そんな状況でも、自宅をどうしても残したいというニーズがあったりします。
「奥さんやお子さんのために」だとか。
ご高齢の方の場合、引っ越しして生活環境が変わることに対し、順応しづらくなる面もあります。
自宅を残すひとつの打ち手に『リースバック』というものがあります。
自宅を誰か第三者に買ってもらい、社長が賃貸で借りて、そのまま住み続けるという手法です。
これができれば、自宅は社長の個人資産ではなくなるので、銀行の借金の話とは切り離すことができます。
しかも、住む場所は変わらないし、外から見たら何の変化もありません。
同じ人が同じ場所に住み続けているのですから。
なお「じゃあとにかく名義を誰かに変えればいいのか」という話ですが、それはダメです。
ちゃんと時価相当での売買でなければ、後ほど詐害行為として債権者から糾弾され兼ねません。
たとえば、社長が自宅を売られるのを避けるため、友人にタダで不動産をあげて名義を変更したとします。
でも銀行からすれば、本来自宅の価値分の借金は回収できたはずです。
この第三者への不動産の名義移転で損害を受けたことになります。
「仕方ないですね」では済まされませんよね。
考えれば当然だと分かります。
さて、このリースバックですが、相手方が必要です。
不動産を買ってくれて、その不動産を貸してくれる人です。
実務上は、そんな人がいないため、涙を飲むことがよくあります。
親類等に声をかけても「そんなお金ない」とか「リスクは負いたくない」と逃げられてしまったり。
もちろん相手にも自分の生活や考えがあるので、こちらの都合を押し付けるわけにはいきません。
一部の不動産業者は、この買い手の役割を担うサービスを展開しています。
サービスの一環として自宅を買って、それを社長に貸すのです。
ただ、不動産業者は収益とリスクをシビアにみるので、やっぱり使えないケースが多いのです。
「不動産が人気のある地域じゃないからダメ」
「本来の値段よりも相当安く買わせてもらえないとダメ」
「結構な金額の賃料を払ってもらえないとダメ」
こんな感じで話がとん挫しがちです。
リースバックは、運よく条件がそろえば、という手法なわけです。
奥村は社長さんと今後どうしていくかの作戦を一緒に練ります。
当然、自宅や今後の生活のことにも話が及びます。
そこで、自宅を残したいけど、どうにもこうにもうまくいかない・・・
社長さんの苦悩する姿を見ていると、手を差し伸べたくなります。
そして、私にもリスクがありますが、状況によっては私の会社で買えないこともないというケースも。

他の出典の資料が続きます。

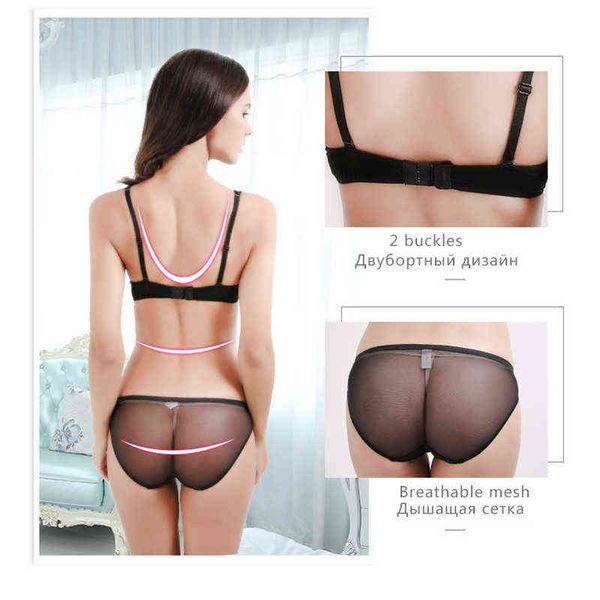 

nxy setbackless invisible women bra set ultra-thin push up cup mesh lace and pantys underwear transparent lingerie ladies -xl 1129, Red;black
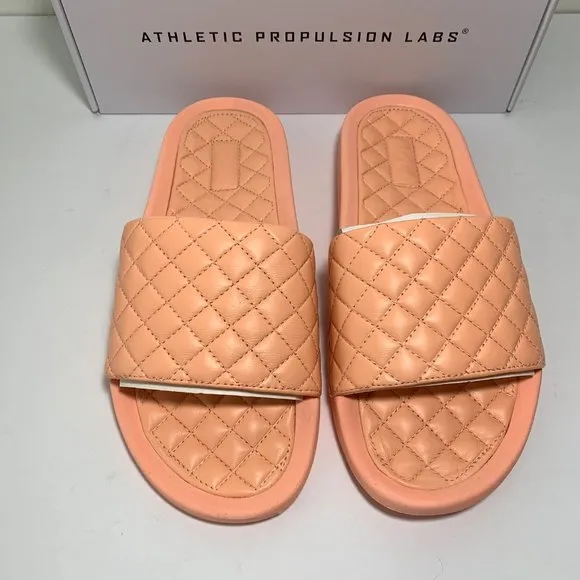 APL Lusso Slide Sandals Quilted Leather Slip On Flats Neon Peach Size 9 NEW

そんなとき、つい、「ウチでどうにかしましょうか・・・」と申し出てしまうことがありました。
コンサルタントとしてここまで踏み込むべきかは、疑問のあるところです。
しかし、役に立てるならば、価値が提供できるならばという気持ちが勝ってしまうこともあります。
もちろん損をするわけにはいかないので、家賃等はお支払いいただかなければなりません。
それでも儲けるためではなく、やっぱり、こうして仕事をさせてもらうご縁があったのだから・・・という気持ちが本当のところなのでしょう。
こんな背景があり、少し社長の自宅を買い受けております。